[PROBLEM REQUIREMENTS] Before copying, set the images aside; then transcribe every entry below exactly.

RECORDS PROVIDED Block Start

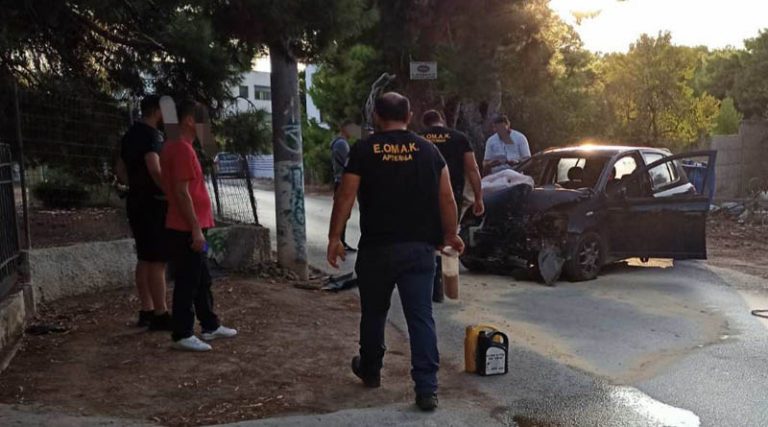 Νέες εικόνες από το τροχαίο στην Αρτέμιδα με τους δύο τραυματίες (φωτό)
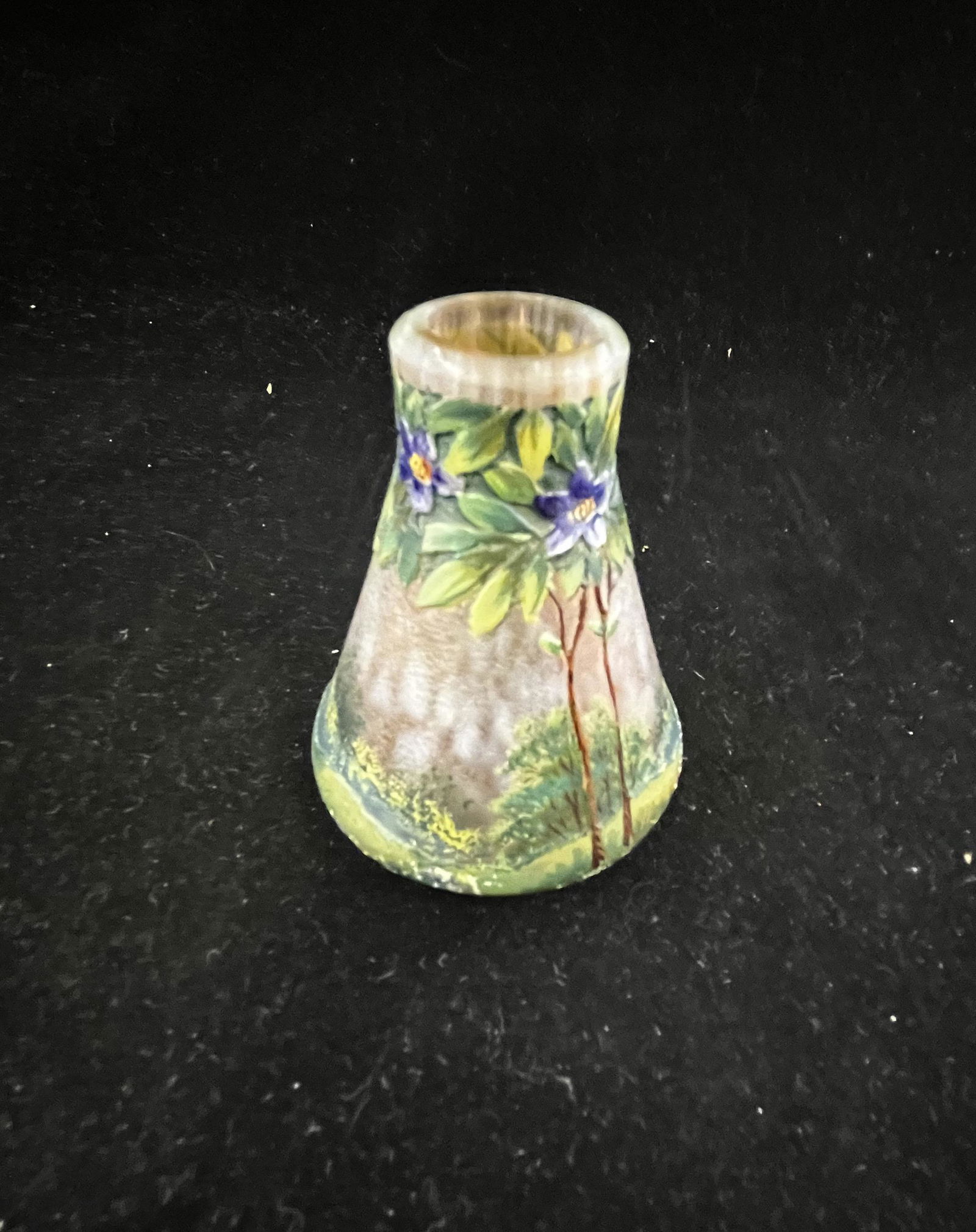 Lamartine French cameo glass vase (1 of 6)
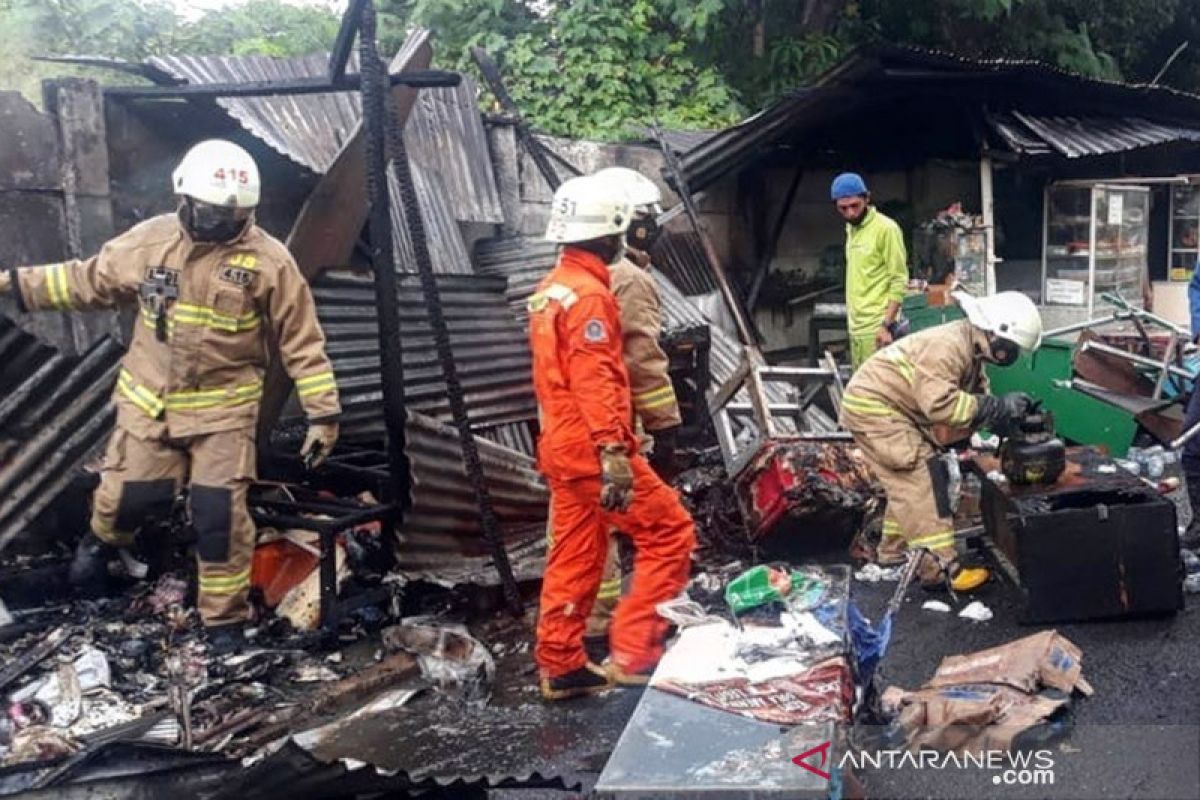 Delapan warung makan dekat Rumah Sakit Fatmawati terbakar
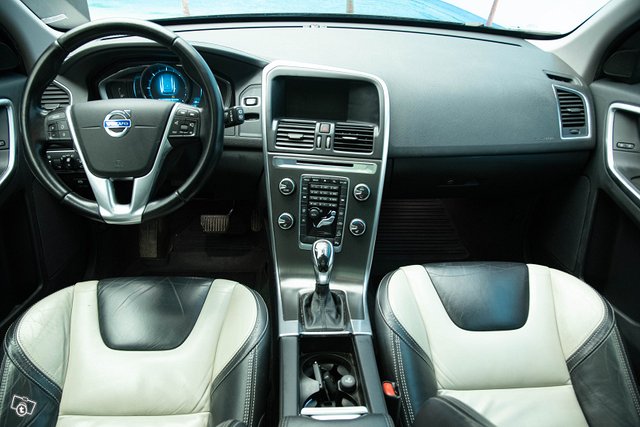 Volvo XC60 12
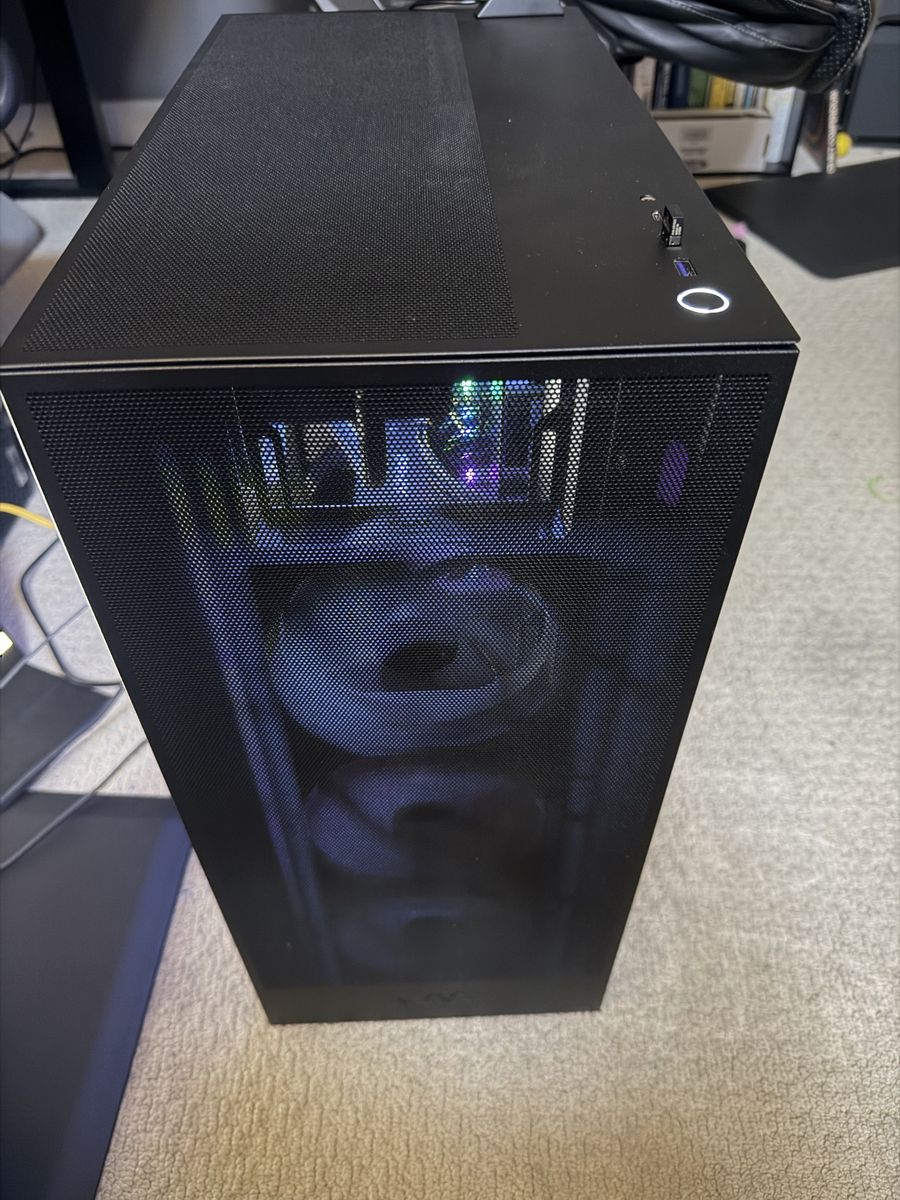 Gaming PC - Ryzen 7 9800X3D, PNY GeForce RTX 5070, 1TB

RECORDS PROVIDED Block End

[RESULT]
 Νέες εικόνες από το τροχαίο στην Αρτέμιδα με τους δύο τραυματίες (φωτό)
 Lamartine French cameo glass vase (1 of 6)
 Delapan warung makan dekat Rumah Sakit Fatmawati terbakar
 Volvo XC60 12
 Gaming PC - Ryzen 7 9800X3D, PNY GeForce RTX 5070, 1TB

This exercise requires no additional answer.